"It is premature to say that our concerns have been alleviated as talks have not yielded a satisfactory result," Lavrov told reporters in London, where he attended talks of the Middle East Quartet.
Lavrov said no progress has been made at talks on Russia's access to the proposed missile base and radar station in Poland and the Czech Republic. But he said the talks were continuing.
Moscow considers Washington's plans to deploy elements of its missile shield in Europe - which the U.S. says are needed to counter possible strikes from "rogue" regimes like Iran - a serious national security threat.
Lavrov said he was somewhat alarmed by U.S. officials' assessments of the agreements reached between the Russian and American leaders in the Black Sea resort of Sochi in early April as a solution to the missile dispute.
He said the Sochi declaration issued by Presidents Vladimir Putin and George W. Bush reflects Russia's opposition to the missile plans.
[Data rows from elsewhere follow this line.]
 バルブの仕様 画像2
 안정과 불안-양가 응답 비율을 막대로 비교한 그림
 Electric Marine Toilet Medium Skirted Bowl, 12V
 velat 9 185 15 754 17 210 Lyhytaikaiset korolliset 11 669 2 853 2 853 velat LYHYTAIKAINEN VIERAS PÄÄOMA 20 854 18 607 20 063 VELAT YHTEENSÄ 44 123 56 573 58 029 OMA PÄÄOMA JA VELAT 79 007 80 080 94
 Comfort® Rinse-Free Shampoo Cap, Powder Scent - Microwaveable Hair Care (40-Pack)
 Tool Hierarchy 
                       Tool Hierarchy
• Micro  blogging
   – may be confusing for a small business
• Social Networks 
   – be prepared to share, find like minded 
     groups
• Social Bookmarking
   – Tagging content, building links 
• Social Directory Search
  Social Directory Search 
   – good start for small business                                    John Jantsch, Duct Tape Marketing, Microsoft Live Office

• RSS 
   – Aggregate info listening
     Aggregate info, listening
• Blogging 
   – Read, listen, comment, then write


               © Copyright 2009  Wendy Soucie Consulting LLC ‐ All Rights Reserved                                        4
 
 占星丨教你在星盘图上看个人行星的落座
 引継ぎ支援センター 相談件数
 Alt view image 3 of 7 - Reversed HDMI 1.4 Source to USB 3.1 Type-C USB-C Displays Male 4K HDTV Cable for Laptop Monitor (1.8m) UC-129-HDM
"The American side seems to have taken it into account and pledged to offer measures to boost trust and transparency in a bid to ease our concerns, but those measures have not been agreed on yet," the minister said.
Moscow has requested that Russian officers be given a permanent presence at the future missile sites in Europe.
Poland has been reluctant to allow Russian military personnel access to the planned site, however. The signing of a treaty on the deployment of a missile-defense radar between the Czech Republic and the U.S. has been postponed from May until June.